The D.C. War Memorial and its surrounding landscape would be restored, along with the dramatic, but weathered, sculpture of the Grant Memorial, near the reflecting pool and the west front of the U.S. Capitol.
The reflecting pool could be replaced with another water feature as part of the plan; a multipurpose entertainment facility would be built on the site of the Sylvan Theater, south of the Washington Monument.
There also would be more restrooms.
These and other changes are envisioned in the Park Service’s “preliminary preferred alternative,” the latest chapter of a Mall plan that has been evolving for more than a year. It was posted on a Park Service Web site — http://nps.gov/nationalmallplan — this week for public comment.
Public meetings on the plan are scheduled for 5 to 7 p.m. Wednesday and noon to 2 p.m. March 14. The meetings will be at the Old Post Office, 12th Street and Pennsylvania Avenue NW, Room 107.
The final version of the plan is not expected to be formulated for another year.
The “preferred alternative” is part of the Park Service’s planning for what is officially called the National Mall & Memorial Parks, a complex that is chronically underfunded and overused and that in January hosted an estimated 3 million people during President Obama’s inauguration week.
Park officials have said the inauguration throng “obliterated” the surface grass on the Mall, although the root systems might have survived beneath the frozen ground. Only spring will tell whether the trampled grass returns.
The Mall serves as the nation’s “premier civic space,” as Susan Spain, the Mall plan project executive, puts it. As such, it is used for protests, celebrations, festivals, commemorations, inaugurations and other events, and its popularity takes a heavy physical toll.
In addition, there are insufficient restrooms; the Park Service has none east of 14th Street. And what restrooms exist are old and decrepit. The various lakes and reflecting pools are often filled with dirty, uncirculated water.
Some Mall structures, such as the open-air Sylvan Theater and the old stone Lockkeeper’s House, at 17th Street and Constitution Avenue NW, look shabby. And the Jefferson Memorial seawall has sunk six to nine inches into the Tidal Basin in the past 3 1/2 years. There is almost $400 million in deferred maintenance.

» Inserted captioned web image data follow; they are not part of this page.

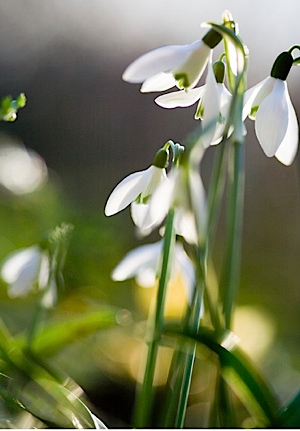 snowdrops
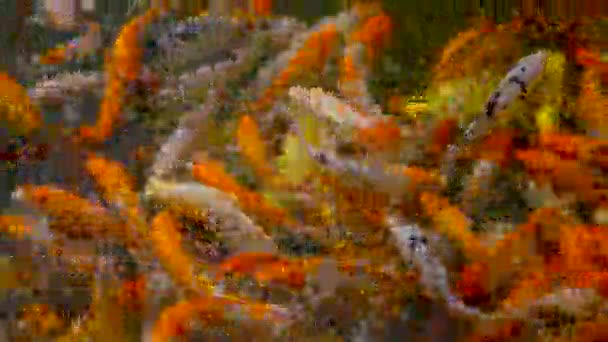 锦鲤在池塘里游泳 — 图库视频影像
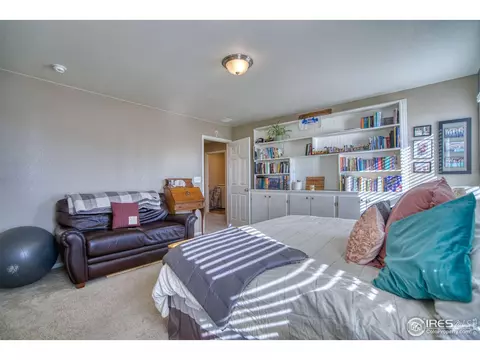 909 Charlton Dr, Windsor, CO 80550 photo 20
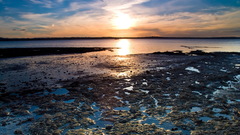 Sunset nature Sea Beaches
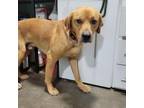 Adopt Eli a Tan/Yellow/Fawn Labrador Retriever / Mixed dog in Cabot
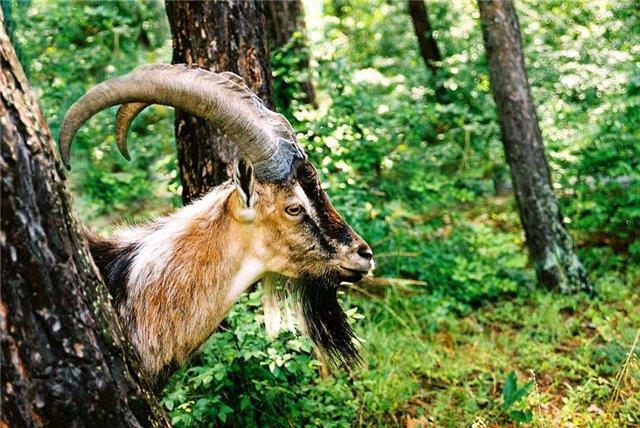 טרקים בגאורגיה עולם הספארי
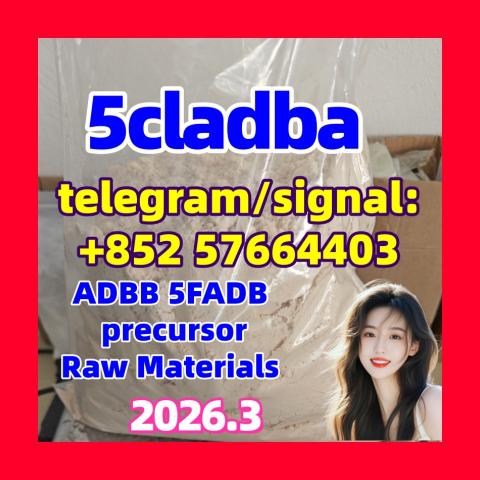 Daiktas 5cladba raw material ADB-A precursor raw 5cladba 5f adb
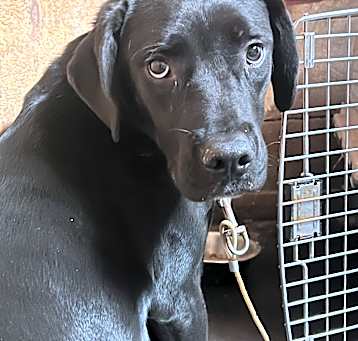 Photo of Zoe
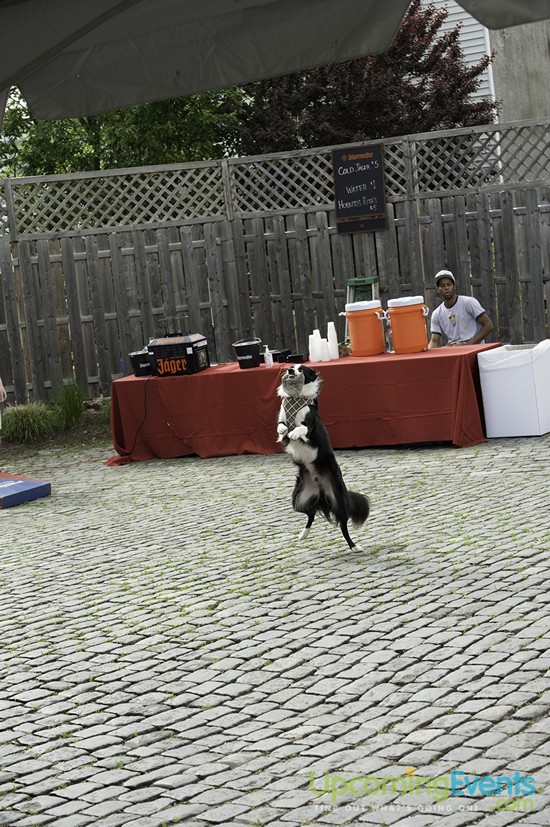 Spring Fest 2015 @ The Ugly Moose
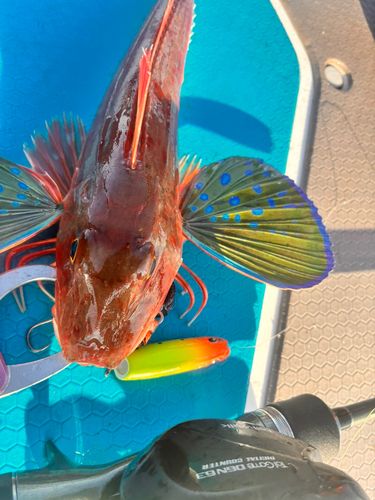 ホウボウの釣果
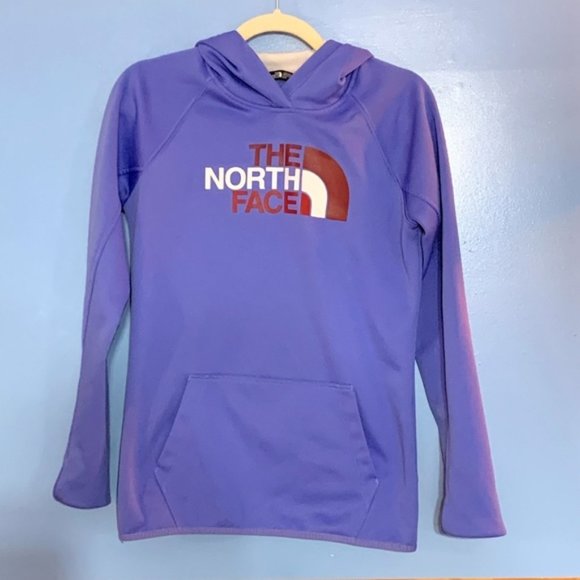 The North Face Hoodie - Picture 1 of 3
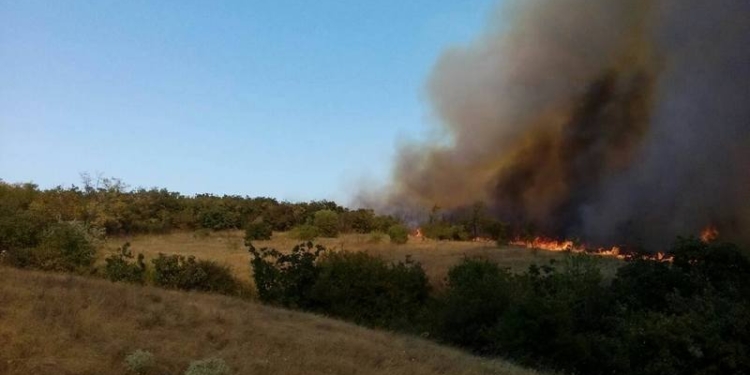 В Николаевской области горит лесное урочище: 15 га – по низу, 3 га – по верху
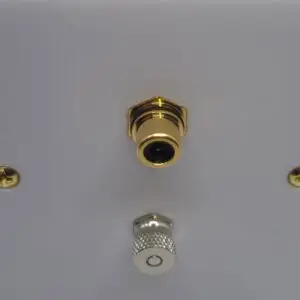 subwoofer socket and ground on a single gang wall plate
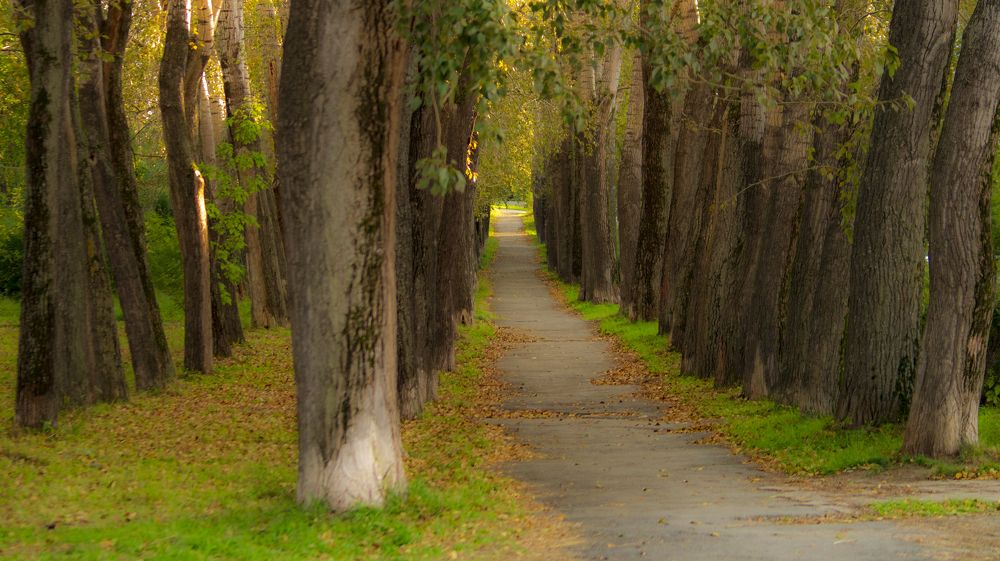 Фотография автора Роман Чернышов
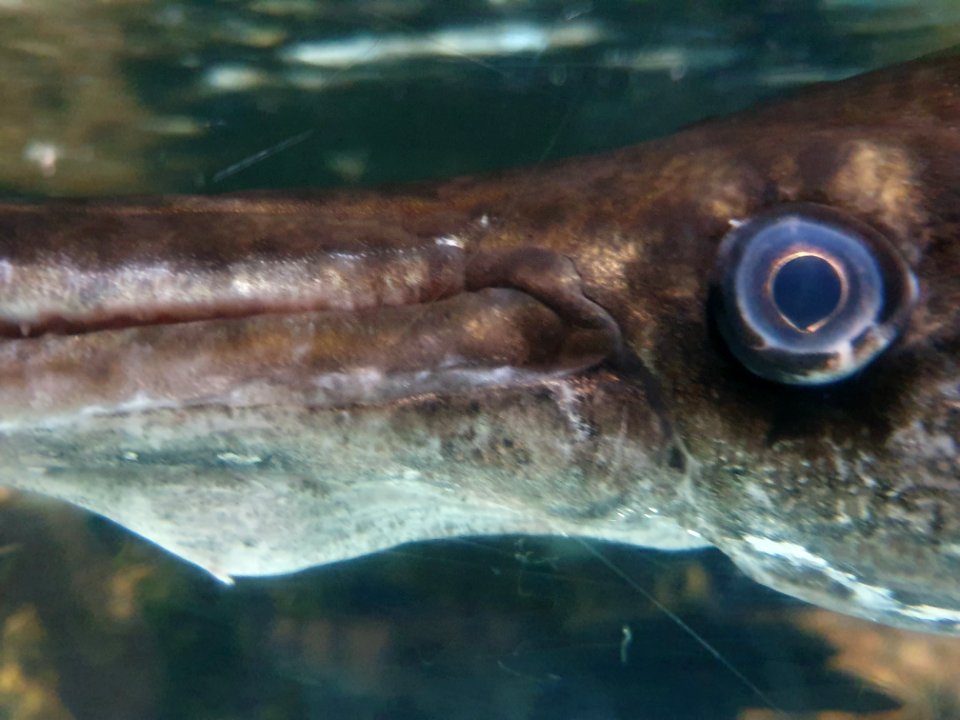 Shinagawa Aquarium 59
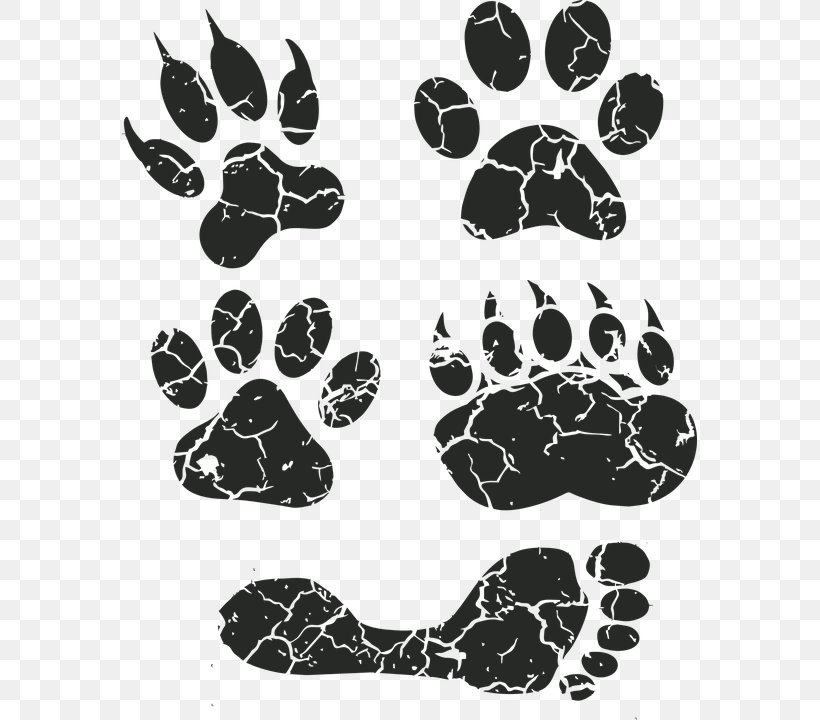 Dog Paw Footprint Animal Track Clip Art, PNG, 575x720px, Dog, Animal, Animal Track, Black, Black And White Download Free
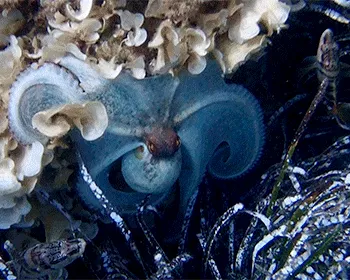 Common Octopus (Octopus vulgaris)
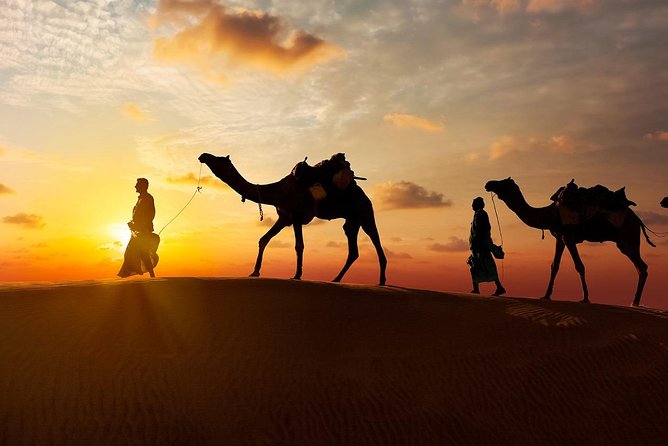 Evening Desert Safari With BBQ Dinner - Important Reminders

The Park Service is weighing an array of changes designed to address many of these issues long-term. The Jefferson Memorial seawall is a more immediate problem and will be addressed with funding in the near future, the Park Service says.
WASHINGTON EXAMINER
Planners look to give signs, maps on Mall more direction
By Lindsay Perna
Special to The Examiner 3/6/09
Regional planning officials want to use improved signs and maps to help visitors on the National Mall better navigate the historic sites.
Detailed maps and uniform signs would be part of a twofold “wayfinding” system that will better direct foot traffic on the Mall, sign designers said Thursday at a presentation to the National Capital Planning Commission.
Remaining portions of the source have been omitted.